You’ve talked a lot about depth and complexity in regards to game design, but what about interaction between mechanics? How does it relate to depth and complexity? Any examples done well/poorly?
Alright, if game quality was purely tied to the number of states possible then the scale would not be linear. It would be exponential or logarithmic, like decibels. A strictly linear addition of states does not create a big jump in quality.
For a mechanic to significantly improve the game it must interact with the other mechanics, multiplying or exponentiating the number of possible states.
Interaction between mechanics creates context across time, allows variables to occupy a wider range of possible values and combinations of values, and ultimately is what creates depth.

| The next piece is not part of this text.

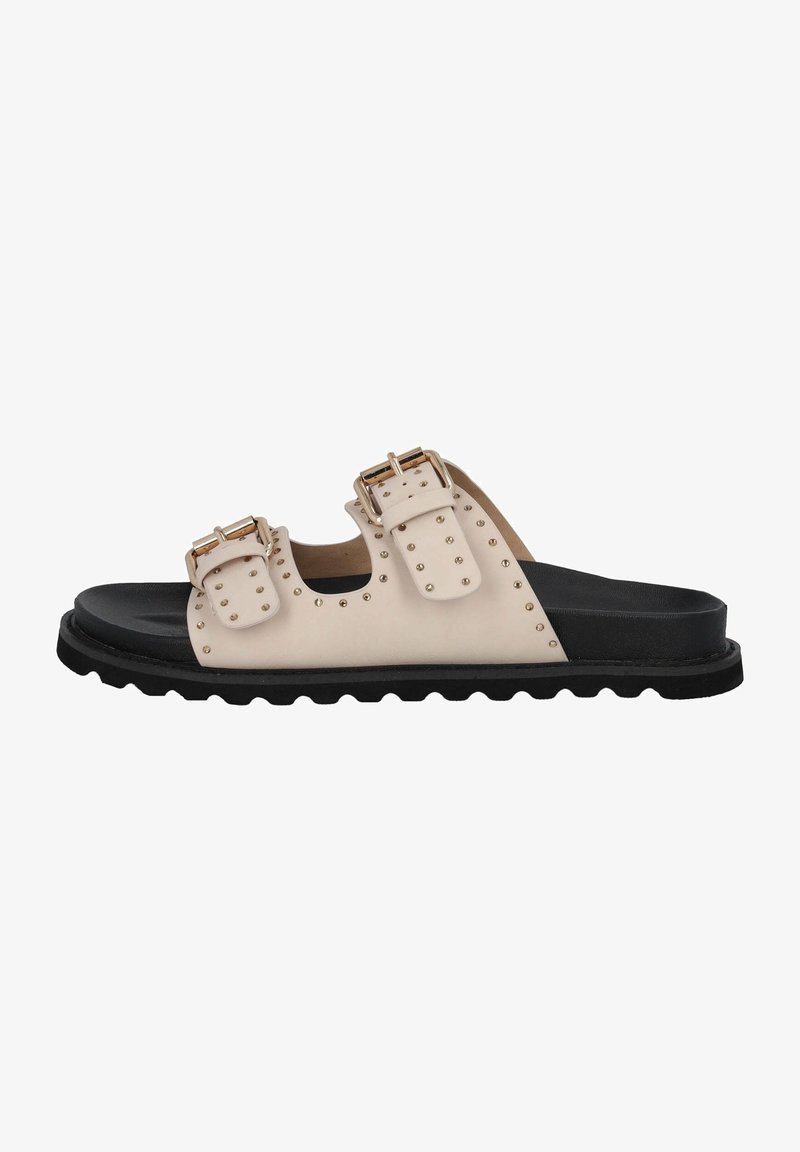 Sandale à glissière beige avec semelle noire, deux brides avec boucles réglables et petits clous en métal le long des brides et des bords.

It’s not enough to have a ton of mechanics if none of them interact with each other, or even synergy, which I consider to be a step below direct interaction.
Here’s a simple example. You have walking, and you have jumping in a totally blank 2d environment. Just a character and the floor. Imagine for a sec that you’re only allowed to jump when you’re totally still. So you have all these states for the positions which you can walk to, and maybe the velocities you can be in all of those positions, then you have like 30 or so states for all the positions you end up during your jump, rising and falling (imagine it takes 30 frames), multiplied by all the positions you can be in when you jump.

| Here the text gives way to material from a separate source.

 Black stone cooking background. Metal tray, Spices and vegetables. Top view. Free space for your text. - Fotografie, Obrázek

Now imagine that you are allowed to jump while moving, so this creates new states, where you have the combination of your X axis ground velocity and Y axis air velocity. This is direct interaction between mechanics, which creates additional states which the character can occupy. This game, which allows walking and jumping to be combined, has a broader possibility space, and also allows events in the past (walking) to affect events in the future (jumping after walking).
This is part of why I love the kick glitch in mirror’s edge so much, because it’s so flexible. It inherits a lot from your prior state and can create a large range of new states based on your input. It’s affected by how long you’ve been running on the wall, what angle you face into the wall, how fast you were moving beforehand, where you face when you jump. Through all of these there is a wide range of kick glitches you can perform. It’s possible to do one dropping down and landing on a platform far below, possible to do one that is long and straight, possible to do one out to the side, possible to do ones that gain more speed or less.
Combos in Smash Bros are also a great example of the interaction or synergy that mechanics can have. Low tier characters have poor synergy, high tier ones have amazing synergy.
A game full of contextual actions that exclusively do one thing would be a game where no mechanics have interaction. Or a 3d zelda game. They have a lot of really segregated mechanics in those.